Certains nous rétorqueront que l’UE est irréformable et que voter dans ce contexte revient à se laisser instrumentaliser. Mais, sommes-nous bien sûrs de ne trouver personne parmi les candidats qui soit proche de nos convictions ? Voulons-nous être représentés auprès de nos vingt-sept voisins par La République en marche d’Emmanuel Macron ? Voulons-nous courir le risque d’être représentés par une majorité de députés d’extrême droite ? En 2014, c’est le Front national qui a raflé la majorité de la délégation française, avec 23 députés sur 74 (ils sont 15 aujourd’hui en raison de plusieurs défections pendant le mandat, et leur bilan est catastrophique).
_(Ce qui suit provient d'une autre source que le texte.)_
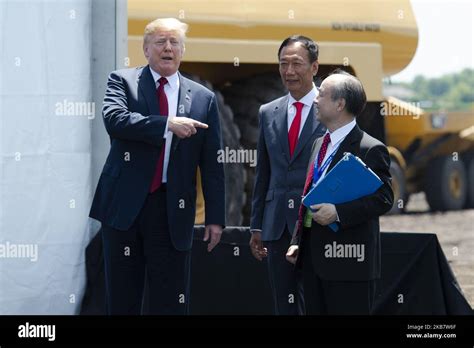 U S President Donald Trump Softbank Ceo Masayoshi Son And Foxconn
La campagne électorale ne nous a pas fait rêver. On y a vu beaucoup d’anciennes têtes, on n’y a pas entendu de propositions courageuses, on a assisté, comme d’habitude, à des compétitions d’égos. Aujourd’hui, c’est une jeune Suédoise de 16 ans, Greta Thunberg, et les lycéens manifestant chaque vendredi dans des dizaines de pays, qui sont les plus efficaces à nous alerter sur la catastrophe écologique dans laquelle notre planète est en train de se précipiter.
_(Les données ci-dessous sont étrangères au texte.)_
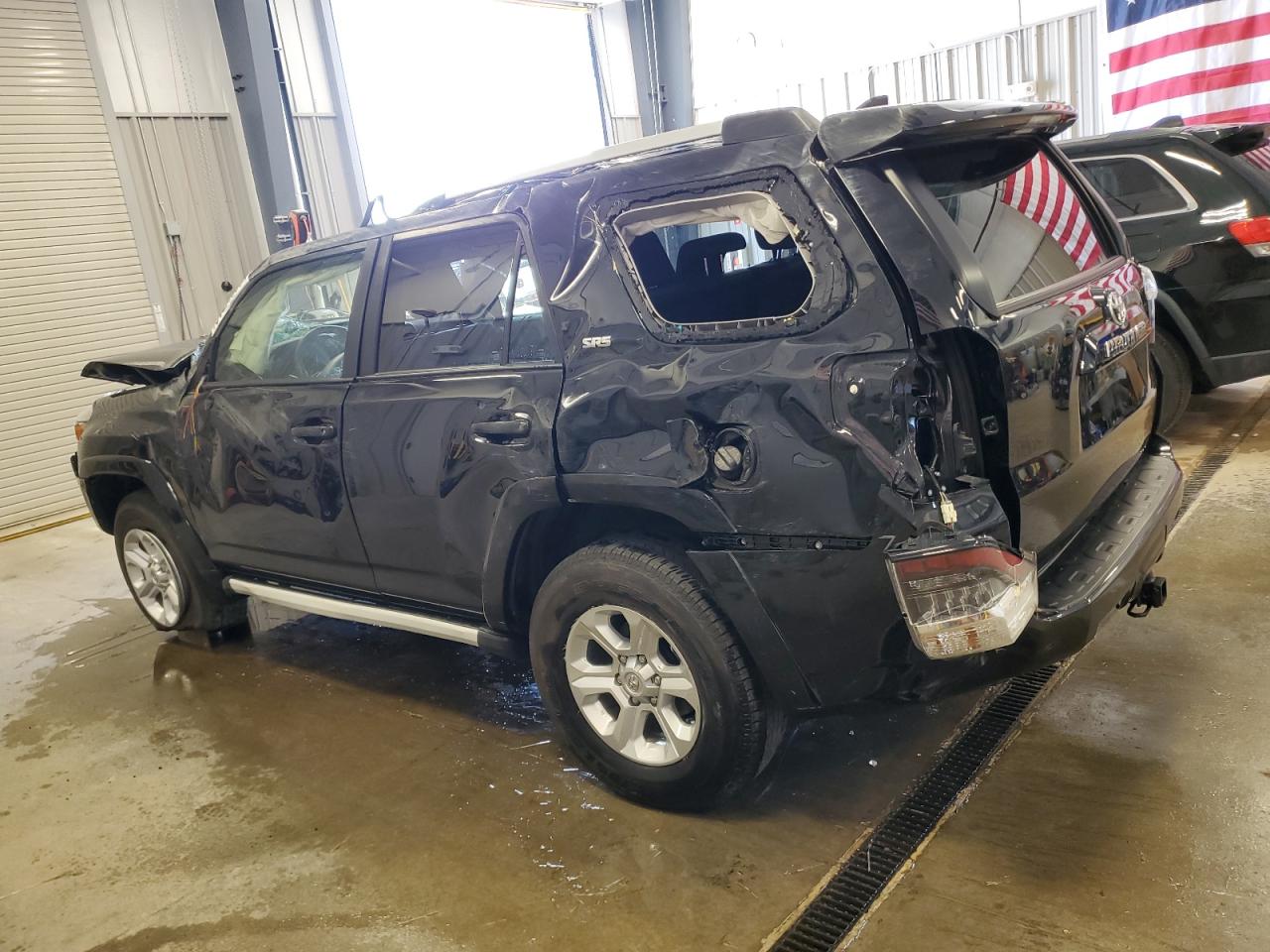 2022 Toyota 4Runner Sr5/Sr5 Premium VIN: JTENU5JR2N6042769 Lot: 64403505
De fait, la classe politique française manque de renouvellement, est usée par les déchirements incessants. Elle a longtemps délaissé les institutions européennes pour privilégier des carrières hexagonales – à la différence de l’Allemagne ou des pays nordiques, où le personnel politique a largement investi le Parlement de Strasbourg. Un siège dans l’hémicycle européen a longtemps été synonyme, pour les Français, de retraite dorée.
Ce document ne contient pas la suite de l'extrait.